■ Your goal
Your answer should be the exact lines of the data below from the one containing "Vintage French Skittles" through the one containing "Etagère Livres et Patères Eli - Chêne fumé"; please include nothing else.

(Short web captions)
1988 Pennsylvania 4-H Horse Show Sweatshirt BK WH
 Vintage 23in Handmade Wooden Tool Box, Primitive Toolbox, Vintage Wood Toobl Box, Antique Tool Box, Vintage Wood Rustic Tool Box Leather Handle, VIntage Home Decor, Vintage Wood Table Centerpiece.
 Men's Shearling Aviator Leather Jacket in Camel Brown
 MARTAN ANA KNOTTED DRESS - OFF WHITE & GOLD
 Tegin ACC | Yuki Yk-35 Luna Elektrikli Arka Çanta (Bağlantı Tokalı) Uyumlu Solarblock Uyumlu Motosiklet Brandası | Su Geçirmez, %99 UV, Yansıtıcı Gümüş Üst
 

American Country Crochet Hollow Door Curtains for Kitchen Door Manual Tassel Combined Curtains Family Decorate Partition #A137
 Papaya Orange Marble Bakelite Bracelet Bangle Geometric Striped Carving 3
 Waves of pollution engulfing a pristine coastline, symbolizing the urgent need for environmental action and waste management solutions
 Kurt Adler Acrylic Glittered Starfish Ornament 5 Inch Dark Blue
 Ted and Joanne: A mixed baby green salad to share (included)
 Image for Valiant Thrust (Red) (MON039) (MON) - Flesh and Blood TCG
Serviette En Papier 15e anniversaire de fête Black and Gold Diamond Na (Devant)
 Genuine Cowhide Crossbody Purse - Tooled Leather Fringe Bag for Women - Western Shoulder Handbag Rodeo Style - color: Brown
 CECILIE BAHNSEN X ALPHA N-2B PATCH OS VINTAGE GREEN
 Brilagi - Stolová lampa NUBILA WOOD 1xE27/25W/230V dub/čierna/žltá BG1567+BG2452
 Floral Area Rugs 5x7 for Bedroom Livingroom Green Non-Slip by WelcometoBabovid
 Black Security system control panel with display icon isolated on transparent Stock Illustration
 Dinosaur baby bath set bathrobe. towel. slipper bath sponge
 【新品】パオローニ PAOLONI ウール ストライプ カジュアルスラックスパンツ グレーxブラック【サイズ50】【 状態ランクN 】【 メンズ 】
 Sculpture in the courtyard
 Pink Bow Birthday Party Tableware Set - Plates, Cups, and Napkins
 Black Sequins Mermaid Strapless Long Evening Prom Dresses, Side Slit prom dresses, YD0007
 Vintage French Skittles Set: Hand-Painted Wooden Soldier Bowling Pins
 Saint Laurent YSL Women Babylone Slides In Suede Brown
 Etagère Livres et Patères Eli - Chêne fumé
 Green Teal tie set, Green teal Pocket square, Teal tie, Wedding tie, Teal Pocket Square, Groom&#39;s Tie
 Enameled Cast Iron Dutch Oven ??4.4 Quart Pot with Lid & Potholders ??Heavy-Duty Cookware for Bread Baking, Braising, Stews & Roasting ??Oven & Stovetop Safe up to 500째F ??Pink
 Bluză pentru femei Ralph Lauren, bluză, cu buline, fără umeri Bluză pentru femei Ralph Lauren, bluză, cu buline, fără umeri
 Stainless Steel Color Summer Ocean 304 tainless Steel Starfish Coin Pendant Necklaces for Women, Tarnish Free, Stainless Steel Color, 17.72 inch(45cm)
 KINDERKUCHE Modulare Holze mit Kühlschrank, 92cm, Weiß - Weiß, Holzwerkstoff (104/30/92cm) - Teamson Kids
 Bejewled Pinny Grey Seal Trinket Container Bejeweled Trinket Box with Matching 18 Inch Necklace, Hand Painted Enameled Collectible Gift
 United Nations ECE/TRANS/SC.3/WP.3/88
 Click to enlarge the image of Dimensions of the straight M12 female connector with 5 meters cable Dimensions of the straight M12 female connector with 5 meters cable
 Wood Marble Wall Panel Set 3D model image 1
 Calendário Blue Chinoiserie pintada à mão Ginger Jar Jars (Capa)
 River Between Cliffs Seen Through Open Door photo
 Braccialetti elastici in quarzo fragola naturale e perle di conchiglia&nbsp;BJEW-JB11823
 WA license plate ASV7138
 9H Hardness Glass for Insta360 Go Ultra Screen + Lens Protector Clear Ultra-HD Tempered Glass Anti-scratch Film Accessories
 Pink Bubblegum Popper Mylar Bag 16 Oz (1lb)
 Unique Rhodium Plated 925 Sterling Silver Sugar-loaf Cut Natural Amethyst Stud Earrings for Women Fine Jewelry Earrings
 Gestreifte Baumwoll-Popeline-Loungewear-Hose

■ Solution
 Vintage French Skittles Set: Hand-Painted Wooden Soldier Bowling Pins
 Saint Laurent YSL Women Babylone Slides In Suede Brown
 Etagère Livres et Patères Eli - Chêne fumé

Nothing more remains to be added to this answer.